First Home Saver Accounts (from 1 October 2008)
Received Royal Assent on 25 June 2008
Outline of arrangements
The main points:
> To be eligible you must:
- be age 18 to 64.
- be eligible for the First Home Owners Grant (see link below).
- do not have or have not previously held a First Home Saver Account.
- have not previously purchased or built a first home in Australia (or Norfolk Island) to live in.
- invest at least $1,000 per annum over at least 4 separate financial years.
- provide your tax file number.
> The accounts will be offered by most banks, building societies, credit unions, public offer superfunds and life companies with investment options and rates to be decided by the institutions.
> Eligible individual contributions up to the annual threshold (refer above) by Australian residents will attract a Government contribution.
> The Government contribution will be a flat rate of 17% irrespective of income or marginal rate.
> There is no limit on annual contributions, but no further customer contributions can be made once the overall account balance reaches the account balance cap. (Refer below.)

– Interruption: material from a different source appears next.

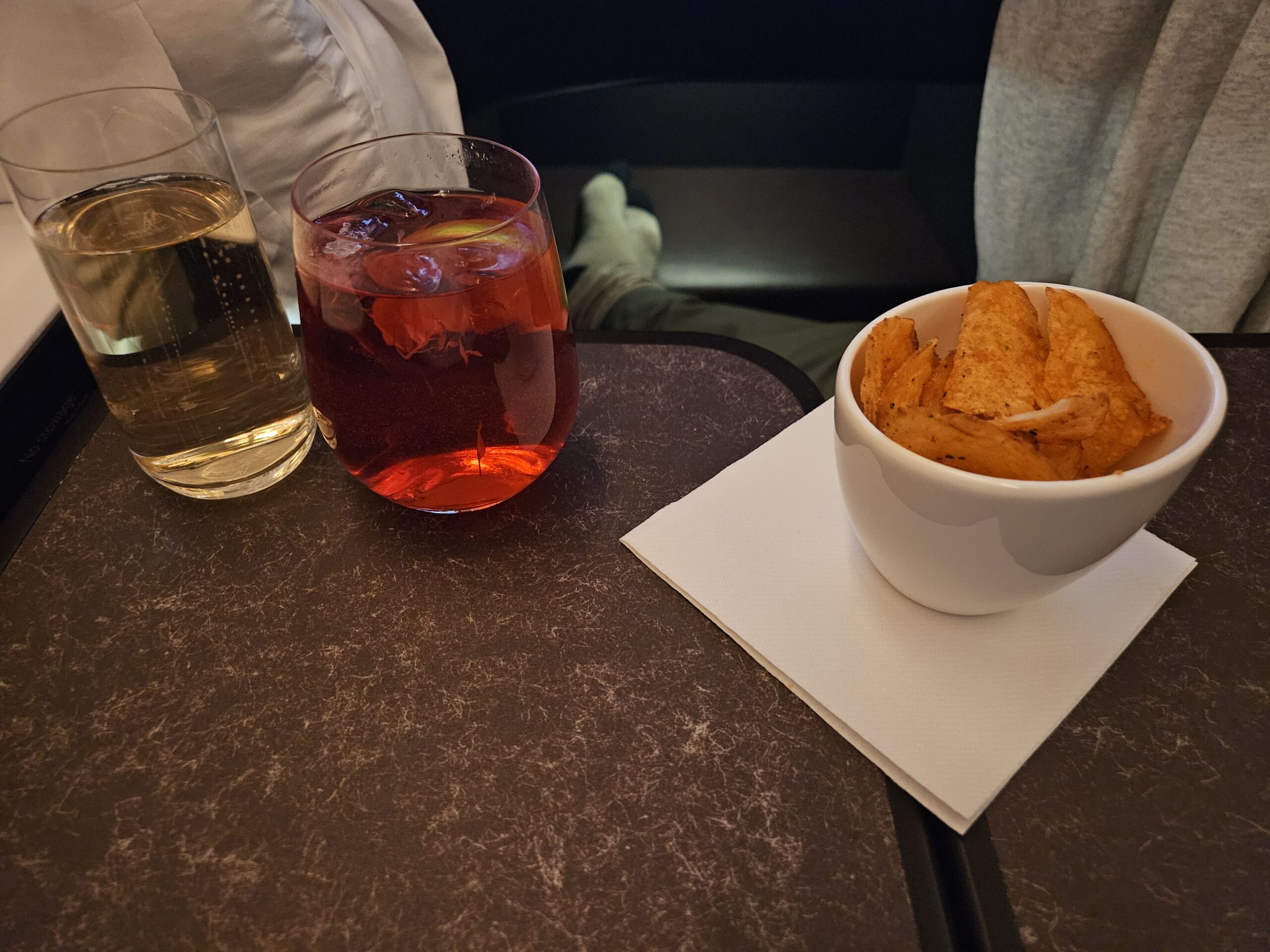 Virgin Atlantic A330-900neo Upper Class Review – virgin atlantic upper class mocktail crisps sparkling wine champagne prosecco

> Investment earnings or interest that accrues in the accounts will be taxed at 15 per cent.
> Withdrawals will be tax free where they are used to purchase a first home located in Australia to live in. (The account holder must live in the purchased home for a continuous period of six months within the first 12 months of purchase or construction).
> Contributions are made from after tax income.
> If the account holder does not buy a home they can not withdraw the money until they turn 60. If they are under 60 they can roll it into super.
> First Home Saver Account balances are not counted for the other Government benefits assets or income tests.
>If an account holder buys a home before meeting the 4 year requirement, the First Home Saver Account must be rolled to super.
From 25 May 2011:
Individuals who purchase a home before the 4 years have expired, are allowed to roll the balance of their FHSA into their mortgage after the 4 years have expired, rather than having to roll it to super.